Под квадратом, из коего почти свесился Причастный № 1001, в воспаленной полости света столпились транспорты, колесницы, аэросани, дровни, снегоходы, луноходы и прочий полоз. Накатившие из старинных, окраинных, затерявшихся дорог превратились — в неуправляемые, в обломки сада, в куски смерзшихся крылец или колоколен, на которые уже набросили зимники, новые дороги, возможно, столь же нестойкие, как нижний ярус. Но скатившиеся с ближних путей — едва вдохнули седину, пудру, присыпку, кокаин — и, припозднившись, отколесив по последкам жесткого мелькания, хмыкнул Причастный № 1001, успешно сорвали непрерывность… Взглянув под вставший над затором софит, под алюминиевую плошку с огрызком огня, под утку, опрокинутую перелетом или каолиновую, Причастный № 1001 воспрянул: кажется, ничто не кружилось явно и напоказ, скорее — висели влияния цинка и сажи.
Тут, сообщил Причастный № 1001, он неожиданно вспомнил весьма нереальный кров, дом-шалаш, показанный ему мгновенье назад, за закрытым веком.
Времянка, рухнувшая было — на плиты забытья, опять расправляла свое сложение — прочностью на один кошмар, на строительные неприличия: надолбы и жерди, отжатые из каких-то оград, поротые раскладные ложа и скелеты велосипедов — плюс древки метел и лыж.

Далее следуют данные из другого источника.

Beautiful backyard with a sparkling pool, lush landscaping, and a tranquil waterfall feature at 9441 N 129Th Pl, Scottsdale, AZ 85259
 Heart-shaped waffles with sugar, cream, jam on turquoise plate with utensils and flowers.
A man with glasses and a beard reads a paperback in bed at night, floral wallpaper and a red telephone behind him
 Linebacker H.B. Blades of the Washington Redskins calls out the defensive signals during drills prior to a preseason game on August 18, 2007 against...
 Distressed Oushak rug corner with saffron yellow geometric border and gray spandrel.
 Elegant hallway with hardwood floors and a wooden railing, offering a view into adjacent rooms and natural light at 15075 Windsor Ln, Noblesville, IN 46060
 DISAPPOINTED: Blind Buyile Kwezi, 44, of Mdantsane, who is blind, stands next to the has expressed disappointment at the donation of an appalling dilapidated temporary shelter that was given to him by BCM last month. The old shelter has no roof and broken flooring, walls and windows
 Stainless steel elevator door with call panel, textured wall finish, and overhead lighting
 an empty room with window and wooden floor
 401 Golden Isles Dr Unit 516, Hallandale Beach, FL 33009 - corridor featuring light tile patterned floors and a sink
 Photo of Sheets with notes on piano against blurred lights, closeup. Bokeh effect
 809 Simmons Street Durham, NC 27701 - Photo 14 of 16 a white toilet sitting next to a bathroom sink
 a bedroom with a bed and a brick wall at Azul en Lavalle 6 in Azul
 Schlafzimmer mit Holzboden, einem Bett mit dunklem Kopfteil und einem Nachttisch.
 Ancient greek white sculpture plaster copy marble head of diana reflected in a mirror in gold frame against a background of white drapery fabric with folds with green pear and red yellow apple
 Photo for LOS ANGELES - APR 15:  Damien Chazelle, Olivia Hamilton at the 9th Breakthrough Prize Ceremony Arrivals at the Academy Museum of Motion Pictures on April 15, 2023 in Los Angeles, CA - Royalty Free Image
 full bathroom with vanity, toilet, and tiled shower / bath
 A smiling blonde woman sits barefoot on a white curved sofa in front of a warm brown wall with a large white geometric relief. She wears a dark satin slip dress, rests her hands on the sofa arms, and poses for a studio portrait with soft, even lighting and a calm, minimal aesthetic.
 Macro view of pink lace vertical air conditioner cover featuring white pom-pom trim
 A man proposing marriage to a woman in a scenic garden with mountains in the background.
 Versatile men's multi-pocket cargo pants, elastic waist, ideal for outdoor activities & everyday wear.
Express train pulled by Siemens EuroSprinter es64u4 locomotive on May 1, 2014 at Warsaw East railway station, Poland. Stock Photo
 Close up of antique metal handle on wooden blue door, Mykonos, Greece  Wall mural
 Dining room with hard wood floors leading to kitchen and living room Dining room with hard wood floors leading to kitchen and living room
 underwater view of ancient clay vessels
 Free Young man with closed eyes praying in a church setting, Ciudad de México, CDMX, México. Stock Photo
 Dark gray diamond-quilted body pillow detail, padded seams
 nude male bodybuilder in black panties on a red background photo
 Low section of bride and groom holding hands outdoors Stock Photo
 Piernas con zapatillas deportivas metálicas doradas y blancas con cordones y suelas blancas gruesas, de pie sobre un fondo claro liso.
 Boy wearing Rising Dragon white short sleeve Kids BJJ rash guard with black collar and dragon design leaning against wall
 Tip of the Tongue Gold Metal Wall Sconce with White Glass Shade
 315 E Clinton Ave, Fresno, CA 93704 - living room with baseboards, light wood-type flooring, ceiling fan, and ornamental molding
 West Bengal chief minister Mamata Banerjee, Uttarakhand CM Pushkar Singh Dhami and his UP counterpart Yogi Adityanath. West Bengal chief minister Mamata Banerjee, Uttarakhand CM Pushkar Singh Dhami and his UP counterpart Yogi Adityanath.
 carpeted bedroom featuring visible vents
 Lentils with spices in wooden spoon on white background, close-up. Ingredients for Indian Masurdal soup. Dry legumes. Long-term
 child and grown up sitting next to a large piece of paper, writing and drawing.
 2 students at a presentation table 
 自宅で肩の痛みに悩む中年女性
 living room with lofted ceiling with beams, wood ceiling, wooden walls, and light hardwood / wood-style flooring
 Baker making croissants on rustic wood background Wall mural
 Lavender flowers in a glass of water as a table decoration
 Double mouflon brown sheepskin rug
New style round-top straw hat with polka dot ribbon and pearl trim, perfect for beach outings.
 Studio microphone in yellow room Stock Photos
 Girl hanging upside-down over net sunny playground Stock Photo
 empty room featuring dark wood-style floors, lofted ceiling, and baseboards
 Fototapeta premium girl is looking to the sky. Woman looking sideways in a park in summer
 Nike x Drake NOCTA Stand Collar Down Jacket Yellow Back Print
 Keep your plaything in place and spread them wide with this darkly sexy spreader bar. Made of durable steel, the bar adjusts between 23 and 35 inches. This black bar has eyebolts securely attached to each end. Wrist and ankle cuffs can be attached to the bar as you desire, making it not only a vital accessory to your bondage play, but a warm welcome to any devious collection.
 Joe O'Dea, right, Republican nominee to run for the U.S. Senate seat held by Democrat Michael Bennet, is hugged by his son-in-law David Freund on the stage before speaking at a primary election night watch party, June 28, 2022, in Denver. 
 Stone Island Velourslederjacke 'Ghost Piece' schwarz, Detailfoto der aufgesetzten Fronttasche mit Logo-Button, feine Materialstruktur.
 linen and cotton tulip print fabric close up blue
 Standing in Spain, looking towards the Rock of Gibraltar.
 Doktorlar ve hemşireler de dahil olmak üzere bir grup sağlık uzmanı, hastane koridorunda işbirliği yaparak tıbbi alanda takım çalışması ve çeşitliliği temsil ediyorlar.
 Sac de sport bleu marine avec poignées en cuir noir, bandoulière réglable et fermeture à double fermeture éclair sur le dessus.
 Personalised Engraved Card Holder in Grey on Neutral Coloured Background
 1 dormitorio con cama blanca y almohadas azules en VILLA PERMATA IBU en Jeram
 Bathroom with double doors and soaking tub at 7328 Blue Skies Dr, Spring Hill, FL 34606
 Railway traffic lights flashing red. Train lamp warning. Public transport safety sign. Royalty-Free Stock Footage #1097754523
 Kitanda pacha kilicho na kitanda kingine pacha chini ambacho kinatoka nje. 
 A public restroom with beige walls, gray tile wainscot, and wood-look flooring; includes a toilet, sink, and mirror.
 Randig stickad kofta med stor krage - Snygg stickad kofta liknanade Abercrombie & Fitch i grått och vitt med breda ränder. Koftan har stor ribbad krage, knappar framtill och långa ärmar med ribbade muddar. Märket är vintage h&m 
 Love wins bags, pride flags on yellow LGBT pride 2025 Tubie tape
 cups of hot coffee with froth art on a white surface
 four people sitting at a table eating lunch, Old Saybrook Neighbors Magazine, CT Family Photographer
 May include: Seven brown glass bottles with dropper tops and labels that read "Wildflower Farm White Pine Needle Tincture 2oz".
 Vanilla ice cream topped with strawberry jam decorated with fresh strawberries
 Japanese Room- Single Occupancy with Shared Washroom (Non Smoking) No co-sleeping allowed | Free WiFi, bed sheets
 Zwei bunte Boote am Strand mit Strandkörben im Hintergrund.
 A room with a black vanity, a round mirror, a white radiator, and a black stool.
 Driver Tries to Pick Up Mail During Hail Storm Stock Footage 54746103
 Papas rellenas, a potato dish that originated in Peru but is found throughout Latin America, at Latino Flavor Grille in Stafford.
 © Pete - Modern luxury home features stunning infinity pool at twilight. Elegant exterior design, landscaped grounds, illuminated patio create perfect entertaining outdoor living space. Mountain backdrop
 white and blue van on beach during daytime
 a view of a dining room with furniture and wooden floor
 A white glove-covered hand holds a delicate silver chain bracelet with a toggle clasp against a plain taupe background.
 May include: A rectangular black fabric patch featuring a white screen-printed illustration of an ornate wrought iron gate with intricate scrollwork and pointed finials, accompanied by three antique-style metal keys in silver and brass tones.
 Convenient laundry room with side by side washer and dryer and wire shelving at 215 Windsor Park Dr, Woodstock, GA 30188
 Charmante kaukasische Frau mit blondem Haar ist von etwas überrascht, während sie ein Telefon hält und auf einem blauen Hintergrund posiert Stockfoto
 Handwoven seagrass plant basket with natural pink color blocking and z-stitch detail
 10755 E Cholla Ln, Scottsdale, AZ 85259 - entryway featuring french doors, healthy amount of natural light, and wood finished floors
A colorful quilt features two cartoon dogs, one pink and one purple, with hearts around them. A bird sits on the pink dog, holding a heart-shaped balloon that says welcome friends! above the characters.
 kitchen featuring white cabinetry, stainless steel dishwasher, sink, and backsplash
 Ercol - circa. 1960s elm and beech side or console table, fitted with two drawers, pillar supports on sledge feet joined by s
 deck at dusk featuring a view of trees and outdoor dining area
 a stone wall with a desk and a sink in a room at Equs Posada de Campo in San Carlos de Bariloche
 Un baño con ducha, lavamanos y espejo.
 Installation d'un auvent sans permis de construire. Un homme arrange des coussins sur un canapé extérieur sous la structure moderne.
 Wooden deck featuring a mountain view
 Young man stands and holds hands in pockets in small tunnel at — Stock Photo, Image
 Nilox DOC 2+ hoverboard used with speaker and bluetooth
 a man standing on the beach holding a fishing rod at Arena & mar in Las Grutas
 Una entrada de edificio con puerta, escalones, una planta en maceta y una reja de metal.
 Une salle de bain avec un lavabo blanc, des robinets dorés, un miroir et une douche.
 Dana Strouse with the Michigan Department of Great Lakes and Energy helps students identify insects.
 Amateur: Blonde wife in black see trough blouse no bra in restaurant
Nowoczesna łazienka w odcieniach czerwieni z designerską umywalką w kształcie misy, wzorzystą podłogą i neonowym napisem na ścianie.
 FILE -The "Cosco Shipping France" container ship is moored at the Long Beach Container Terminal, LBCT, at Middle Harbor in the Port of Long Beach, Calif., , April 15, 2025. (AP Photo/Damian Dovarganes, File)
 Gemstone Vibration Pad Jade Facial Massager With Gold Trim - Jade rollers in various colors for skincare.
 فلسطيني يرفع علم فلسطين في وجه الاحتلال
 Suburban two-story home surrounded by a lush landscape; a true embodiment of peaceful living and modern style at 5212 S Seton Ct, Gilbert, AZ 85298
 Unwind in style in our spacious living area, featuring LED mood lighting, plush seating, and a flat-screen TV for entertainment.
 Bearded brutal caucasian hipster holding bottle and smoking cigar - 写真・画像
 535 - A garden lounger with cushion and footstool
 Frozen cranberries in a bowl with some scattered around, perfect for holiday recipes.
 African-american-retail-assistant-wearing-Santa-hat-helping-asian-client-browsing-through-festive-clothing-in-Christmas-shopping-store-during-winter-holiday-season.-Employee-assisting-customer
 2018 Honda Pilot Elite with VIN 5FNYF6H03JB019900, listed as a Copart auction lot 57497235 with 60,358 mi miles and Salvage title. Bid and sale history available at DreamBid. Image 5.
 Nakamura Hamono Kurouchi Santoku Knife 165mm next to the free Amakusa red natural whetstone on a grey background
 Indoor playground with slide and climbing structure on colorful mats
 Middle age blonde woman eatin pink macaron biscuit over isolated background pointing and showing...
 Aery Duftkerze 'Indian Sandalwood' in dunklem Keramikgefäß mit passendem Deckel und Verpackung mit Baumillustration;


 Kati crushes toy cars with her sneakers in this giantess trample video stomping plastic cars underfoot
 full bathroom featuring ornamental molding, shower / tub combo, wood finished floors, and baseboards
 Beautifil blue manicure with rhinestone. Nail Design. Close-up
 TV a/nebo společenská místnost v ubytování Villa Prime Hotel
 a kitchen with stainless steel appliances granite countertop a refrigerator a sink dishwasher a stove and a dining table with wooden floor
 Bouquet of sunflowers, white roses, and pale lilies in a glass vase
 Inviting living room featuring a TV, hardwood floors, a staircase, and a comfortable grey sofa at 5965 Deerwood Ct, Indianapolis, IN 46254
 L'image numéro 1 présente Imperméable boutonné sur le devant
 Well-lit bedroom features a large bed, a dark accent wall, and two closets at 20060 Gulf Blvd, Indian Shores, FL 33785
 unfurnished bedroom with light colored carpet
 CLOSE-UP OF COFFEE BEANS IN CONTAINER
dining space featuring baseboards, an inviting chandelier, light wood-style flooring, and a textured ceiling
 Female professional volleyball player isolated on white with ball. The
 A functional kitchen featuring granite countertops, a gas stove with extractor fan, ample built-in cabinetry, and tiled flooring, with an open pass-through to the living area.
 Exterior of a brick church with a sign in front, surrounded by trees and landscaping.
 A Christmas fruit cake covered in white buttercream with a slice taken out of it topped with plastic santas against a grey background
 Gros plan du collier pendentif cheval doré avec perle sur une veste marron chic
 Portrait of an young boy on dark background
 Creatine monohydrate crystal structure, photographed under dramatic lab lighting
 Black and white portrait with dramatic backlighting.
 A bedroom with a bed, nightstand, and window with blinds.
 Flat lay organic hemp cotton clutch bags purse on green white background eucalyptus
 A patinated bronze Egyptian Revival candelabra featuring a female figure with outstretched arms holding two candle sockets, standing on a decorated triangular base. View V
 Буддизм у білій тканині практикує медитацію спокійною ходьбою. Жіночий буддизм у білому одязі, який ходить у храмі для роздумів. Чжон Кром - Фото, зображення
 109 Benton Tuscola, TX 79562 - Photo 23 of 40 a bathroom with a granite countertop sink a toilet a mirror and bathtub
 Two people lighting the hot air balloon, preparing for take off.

Впрочем, кое-какие зияния все же подкрепились — но не вспышками ангелов, а клавишами отпавших клавиров и вертикалью плача — записочками от посетивших приют накануне, от бывших: свернутой в росу непереводящейся просьбой — к святейшим щелям, из которых непременно что-нибудь вылезает, а может — к более бескорыстной и расточительной бумаге, приносящей запрошенное — на собственной атласной коже, на шершавой шкуре, или — к тьме, что потушит все лишнее.